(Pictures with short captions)

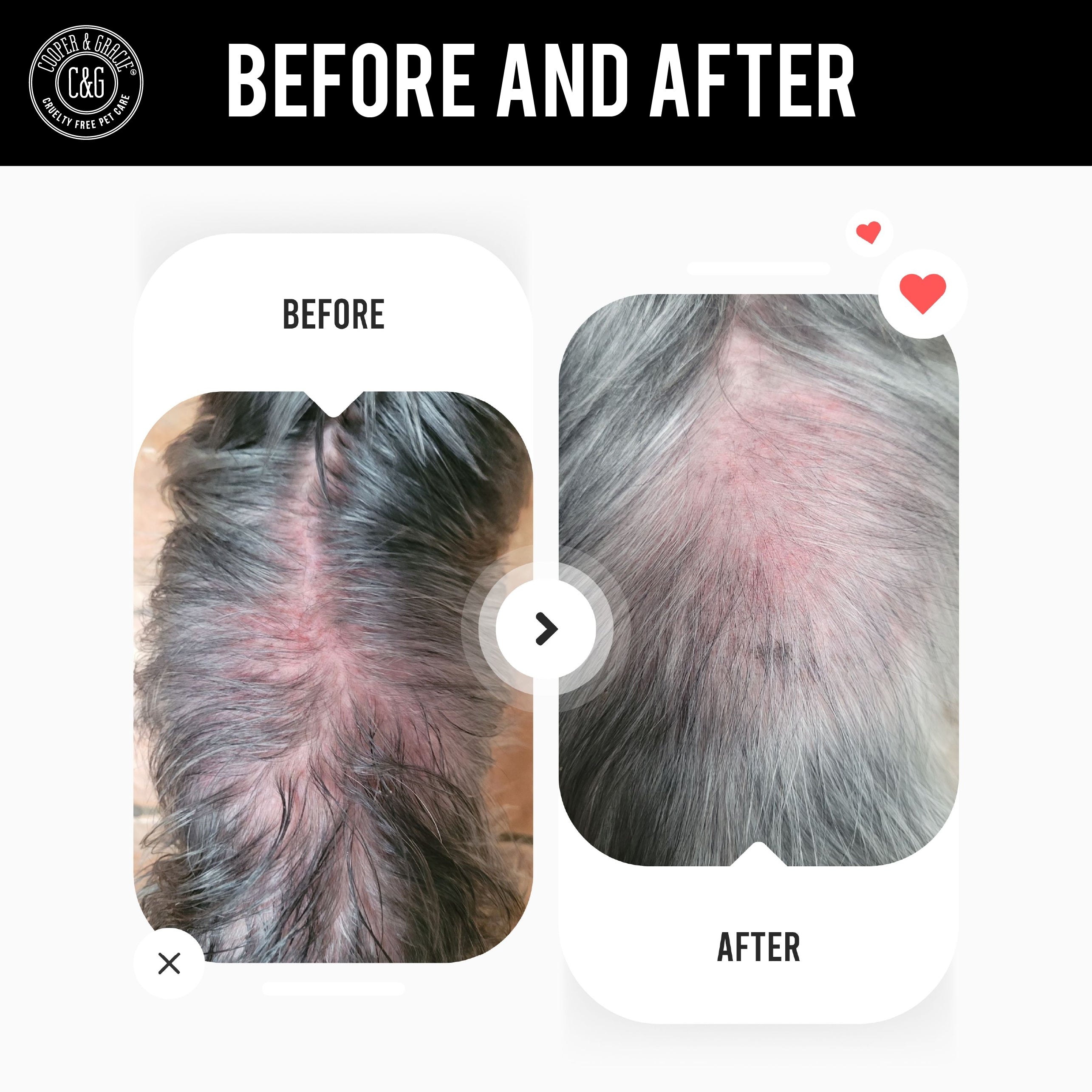 Dead Sea Anti-Bacterial & Anti-Fungal Dog Spray – 250ml – Soothes Itchy Skin Naturally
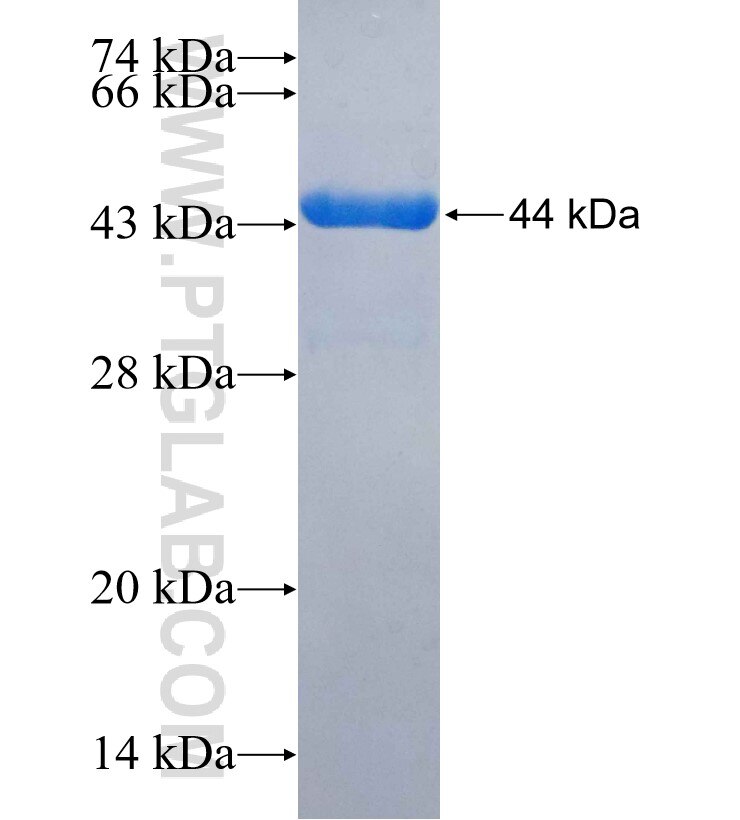 CRELD2 fusion protein Ag25553 SDS-PAGE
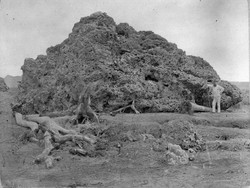 Letusan Krakatau 1883 Langsung Viral di Dunia, Kok Bisa?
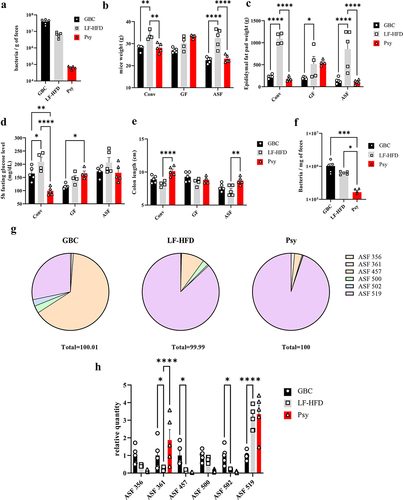 Figure 5. Psyllium reduces bacterial density, and its metabolic benefits require the presence of a minimal gut microbiota. (a). Male 6- to 8-week-old C57Bl/6 mice (conventionally colonized) were fed indicated diet for 28 days and bacterial density was measured. (B−F). Male 6- to 8-week-old C57Bl/6 mice maintained in conventionally colonized (Conv), germ-free (GF), and altered Schaedler flora (ASF) state were fed with the indicated diet for 28 days. (b) Relative body weight over time. (c) Epididymal fat pad weight. (d) 5 hours fasting glucose level. (e) Colon length. Data are expressed as means ± SEM of n = 5 mice per group for conventional mice, N = 4 mice per group for the GF mice, and n = 5 mice per group for ASF mice. (f) Bacterial density in the feces of ASF mice. (g) Measure of abundance of ASF strain by qPCR. (h) Relative change in ASF strain in comparison with GBC. Significance was determined by ANOVA. *P < 0.05, **P < 0.01 ***P < 0.0001.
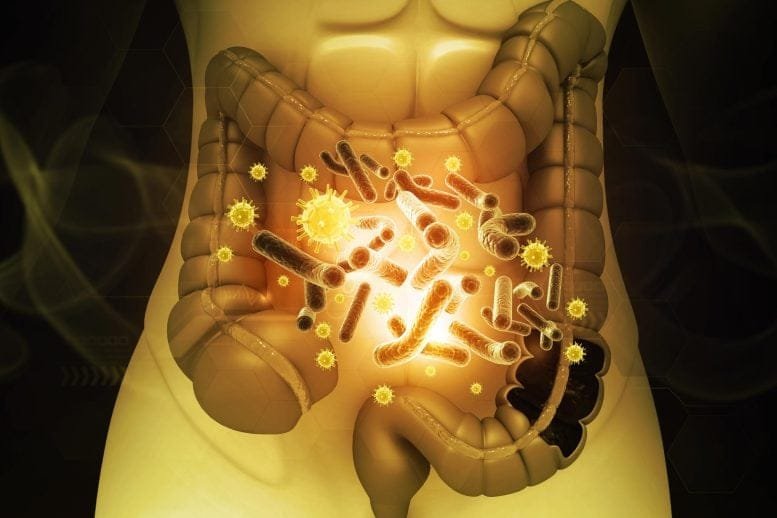 Human Gut Microbiome Diversity Infection Pathogens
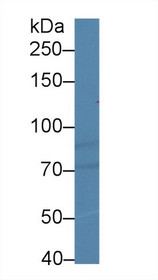 Western Blot; Sample: Human Hela cell lysate; Primary Ab: 2µg/ml Rabbit Anti-Gallus HIF1a Antibody Second Ab: 0.2µg/mL HRP-Linked Caprine Anti-Rabbit IgG Polyclonal Antibody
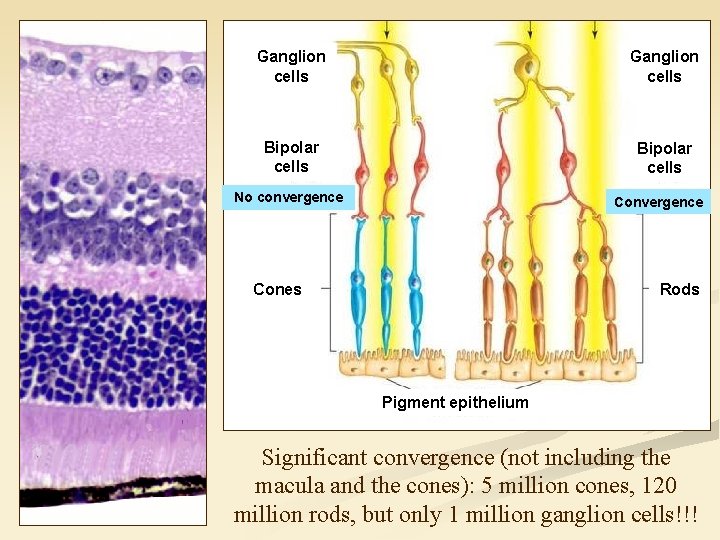 Ganglion cells Bipolar cells No convergence Cones Rods Pigment epithelium Significant convergence (not including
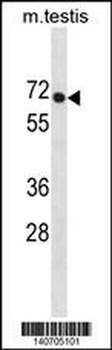 PLD3 Antibody(N-term)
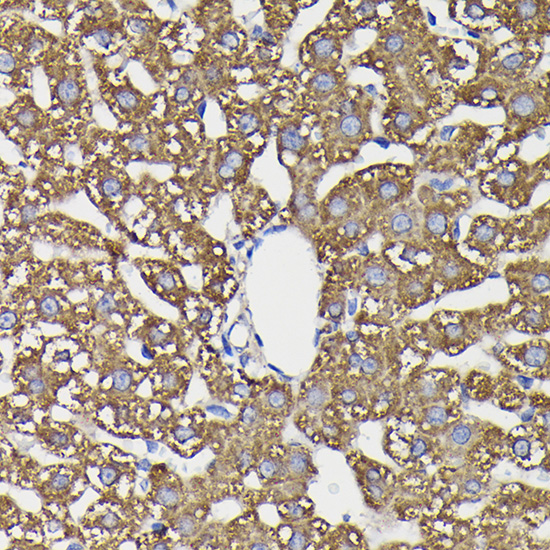 Rabbit anti-MAOB Polyclonal Antibody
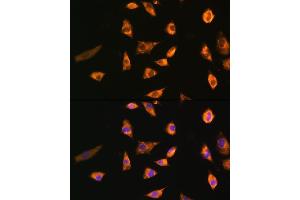 Immunofluorescence analysis of L929 cells using SPRR3 Rabbit pAb (ABIN6130714, ABIN6148386, ABIN6148387 and ABIN6215609) at dilution of 1:100. (SPRR3 抗体  (AA 1-70))
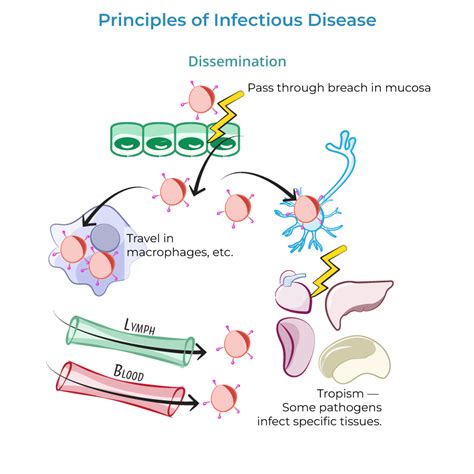 Immunology Microbiology Glossary Pathogen Dissemination Immune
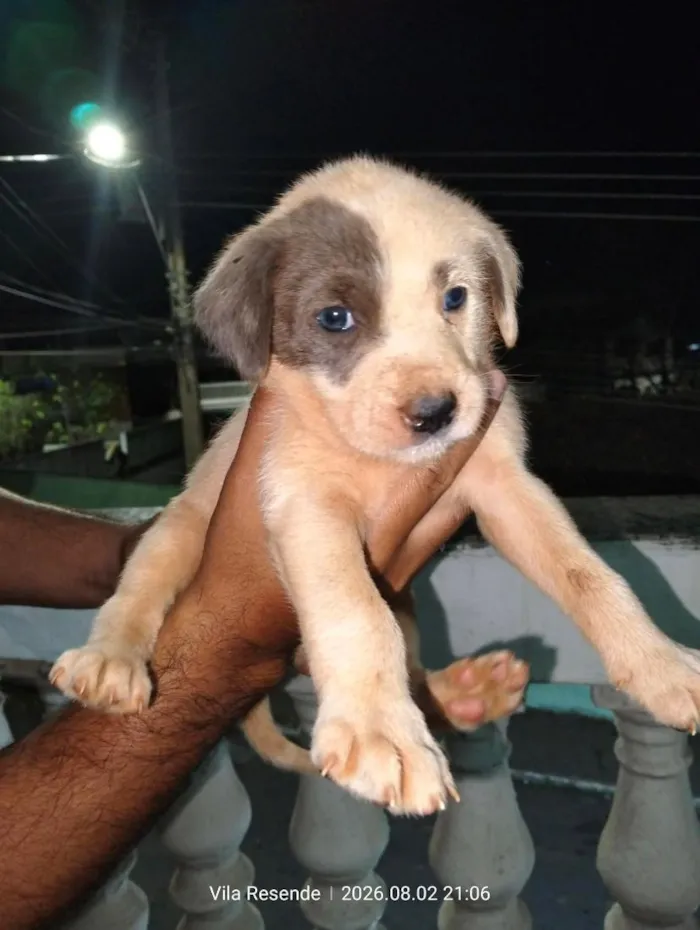 Cachorro raça SRD-ViraLata idade 2 a 6 meses nome mel/mia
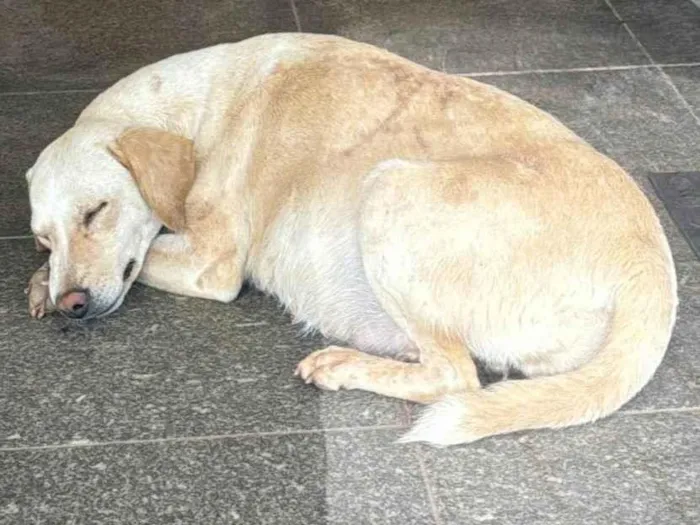 Cachorro ra a SRD-ViraLata idade 1 ano nome Chamo de linda 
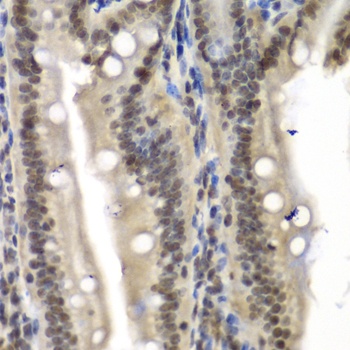 NELFE Antibody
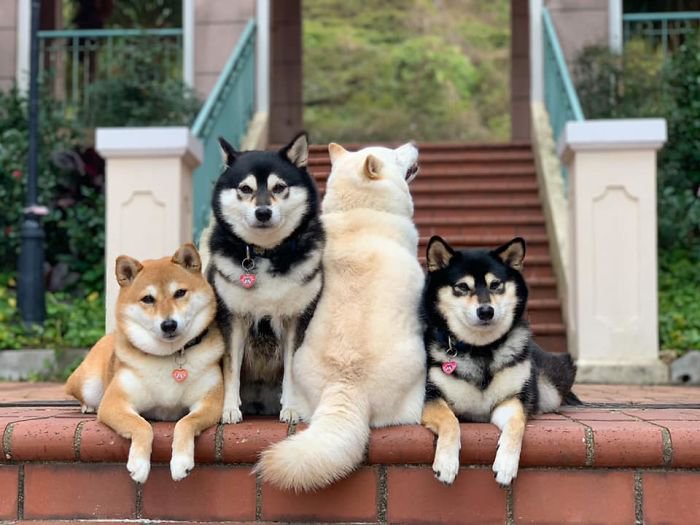 Meet Hina, The Shiba Inu Going Viral For Adorably Ruining Every Group Photo She's In 9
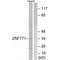 Zinc Finger Protein 771 antibody, A17713, Boster Biological Technology, Western Blot image 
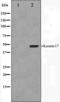 Keratin 17 antibody, orb224505, Biorbyt, Western Blot image 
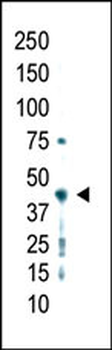 PRMT2 Antibody (C-term)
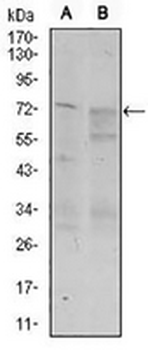 CD55 Mouse Monoclonal Antibody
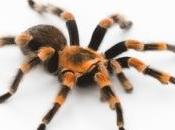 CANCER SEIN araignée venin livrent toxine thérapeutique American Chemical Society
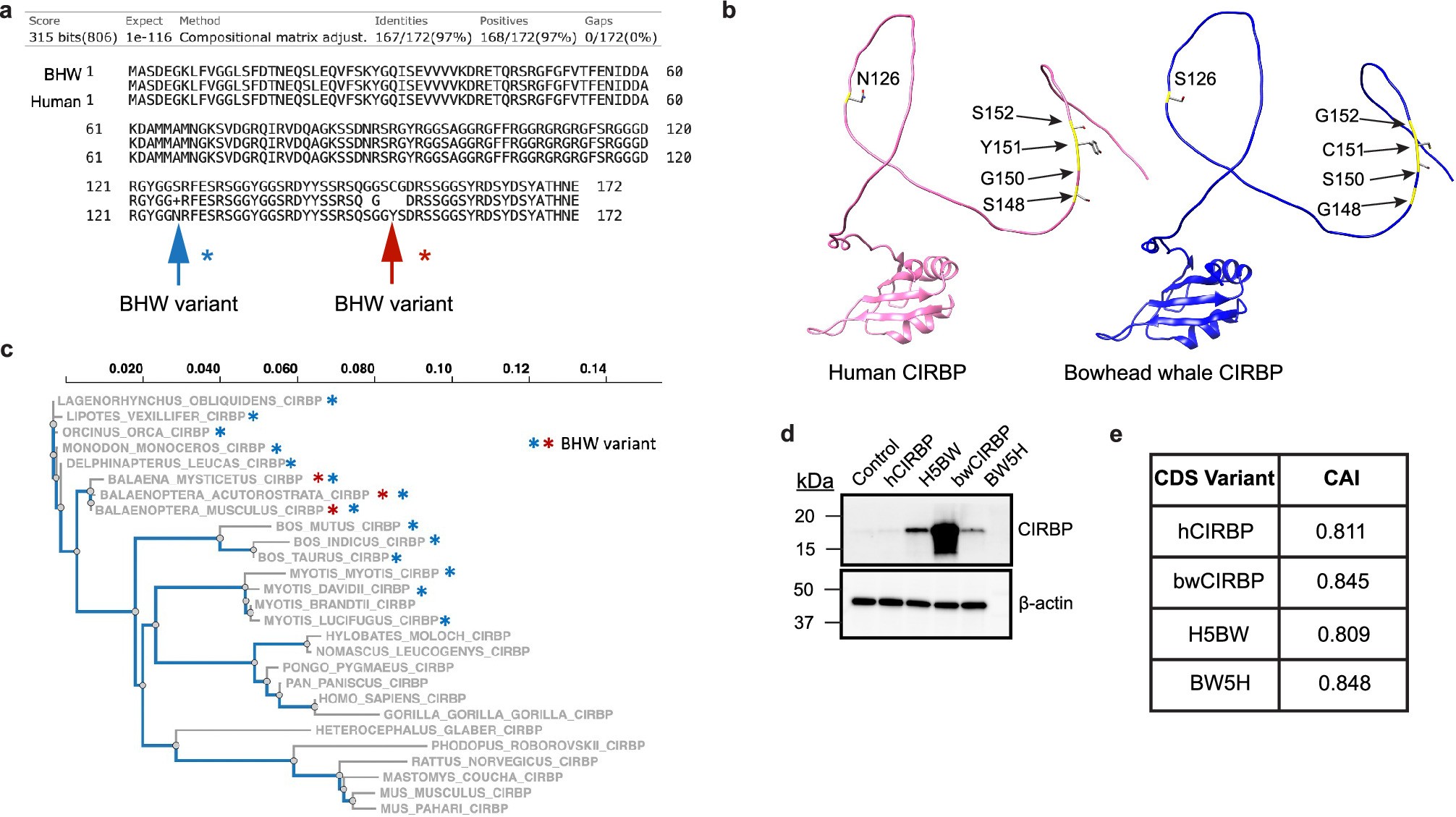 Extended Data Fig. 9: Bowhead whale CIRBP RNA and protein sequence confer higher expression levels compared to human sequence.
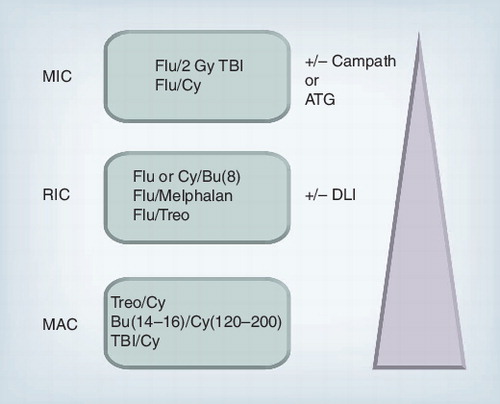Figure 1. A hierarchy of commonly used MIC, RIC and MAC regimens in PID patients.ATG: Antithymocyte globulin; Bu(8): Busulfan 8 mg/kg; Bu(14–16): Busulfan 14–16 mg/kg; Cy: Cyclophosphamide; Cy(120–200): Cyclophosphamide 120–200 mg/kg; DLI: Donor lymphocyte infusion; Flu: Fludarabine; Gy: Gray; MAC: Myeloablative conditioning; MIC: Minimal-intensity conditioning; RIC: Reduced-intensity conditioning; TBI: Total-body irradiation; Treo: Treosulfan.Adapted with permission from Citation[7].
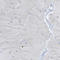 Phospholipase D Family Member 3 antibody, HPA012800, Atlas Antibodies, Immunohistochemistry frozen image 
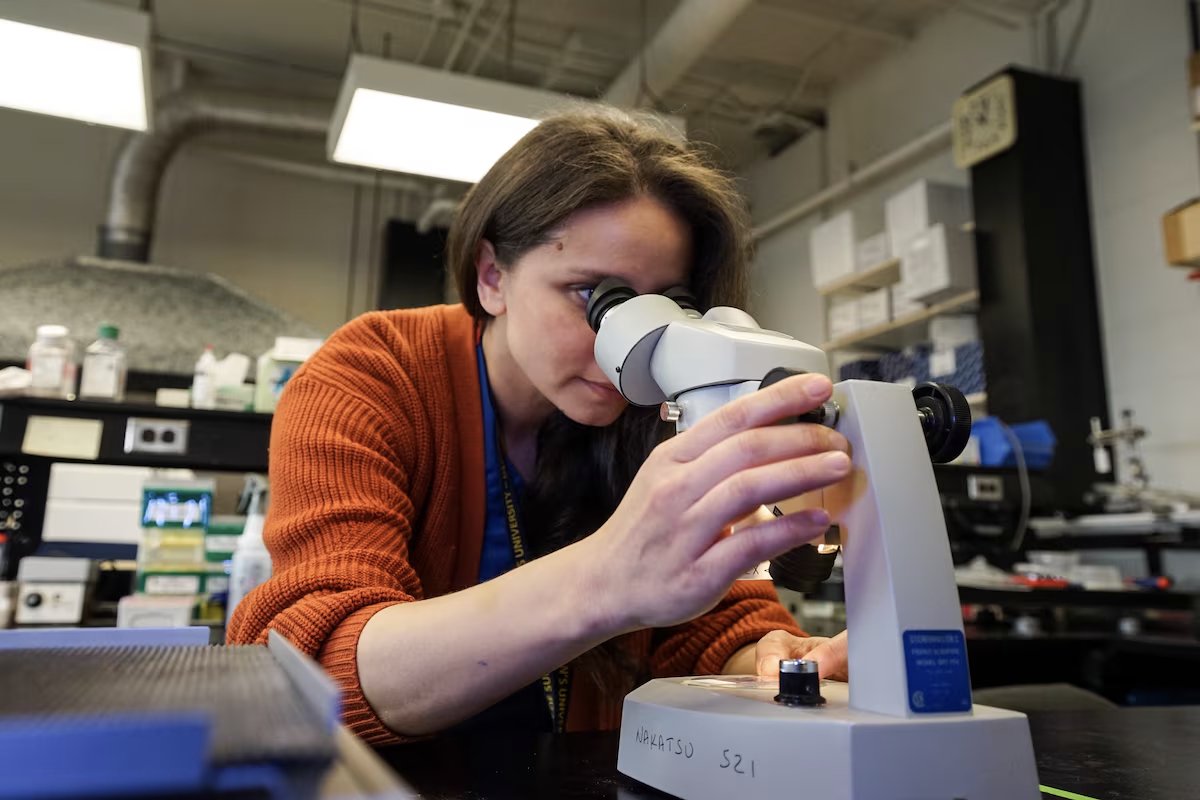 KingstonHSC's tweet photo. “We’re providing care to twice the patients with a much, much higher level of efficiency,” says #MyKHSC Neurosurgeon Dr. Teresa Purzner. 

Learn how bold thinking and an entrepreneurial mindset is reshaping brain tumour care.

Read more in today’s @globeandmail 👇

https://t.co/11x9nVFx19
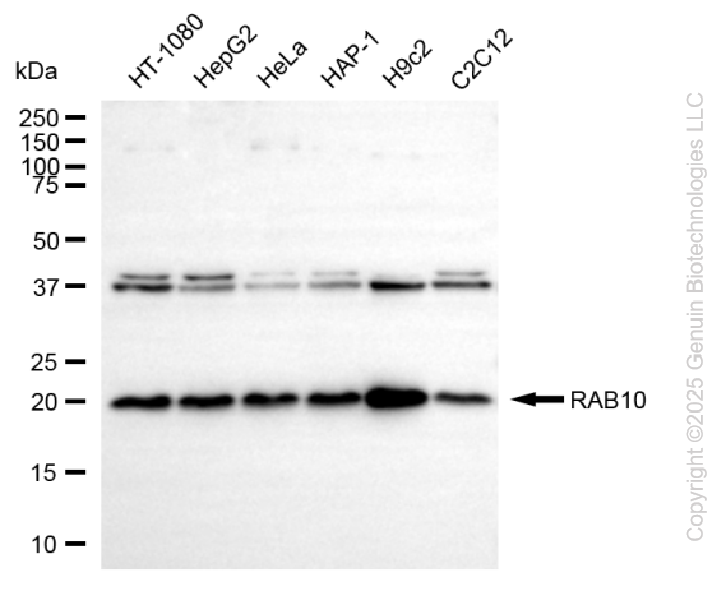RAB10 antibody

Instructions to follow |
Only the line with "PRMT2 Antibody (C-term)" and those preceding it, back to the first line of the entries, should be repeated exactly, without pictures.

Solution to the problem |
 Dead Sea Anti-Bacterial & Anti-Fungal Dog Spray – 250ml – Soothes Itchy Skin Naturally
 CRELD2 fusion protein Ag25553 SDS-PAGE
 Letusan Krakatau 1883 Langsung Viral di Dunia, Kok Bisa?
 Figure 5. Psyllium reduces bacterial density, and its metabolic benefits require the presence of a minimal gut microbiota. (a). Male 6- to 8-week-old C57Bl/6 mice (conventionally colonized) were fed indicated diet for 28 days and bacterial density was measured. (B−F). Male 6- to 8-week-old C57Bl/6 mice maintained in conventionally colonized (Conv), germ-free (GF), and altered Schaedler flora (ASF) state were fed with the indicated diet for 28 days. (b) Relative body weight over time. (c) Epididymal fat pad weight. (d) 5 hours fasting glucose level. (e) Colon length. Data are expressed as means ± SEM of n = 5 mice per group for conventional mice, N = 4 mice per group for the GF mice, and n = 5 mice per group for ASF mice. (f) Bacterial density in the feces of ASF mice. (g) Measure of abundance of ASF strain by qPCR. (h) Relative change in ASF strain in comparison with GBC. Significance was determined by ANOVA. *P < 0.05, **P < 0.01 ***P < 0.0001.
 Human Gut Microbiome Diversity Infection Pathogens
 Western Blot; Sample: Human Hela cell lysate; Primary Ab: 2µg/ml Rabbit Anti-Gallus HIF1a Antibody Second Ab: 0.2µg/mL HRP-Linked Caprine Anti-Rabbit IgG Polyclonal Antibody
 Ganglion cells Bipolar cells No convergence Cones Rods Pigment epithelium Significant convergence (not including
 PLD3 Antibody(N-term)
 Rabbit anti-MAOB Polyclonal Antibody
 Immunofluorescence analysis of L929 cells using SPRR3 Rabbit pAb (ABIN6130714, ABIN6148386, ABIN6148387 and ABIN6215609) at dilution of 1:100. (SPRR3 抗体  (AA 1-70))
 Immunology Microbiology Glossary Pathogen Dissemination Immune
 Cachorro raça SRD-ViraLata idade 2 a 6 meses nome mel/mia
 Cachorro ra a SRD-ViraLata idade 1 ano nome Chamo de linda 
 NELFE Antibody
 Meet Hina, The Shiba Inu Going Viral For Adorably Ruining Every Group Photo She's In 9
 Zinc Finger Protein 771 antibody, A17713, Boster Biological Technology, Western Blot image 
 Keratin 17 antibody, orb224505, Biorbyt, Western Blot image 
 PRMT2 Antibody (C-term)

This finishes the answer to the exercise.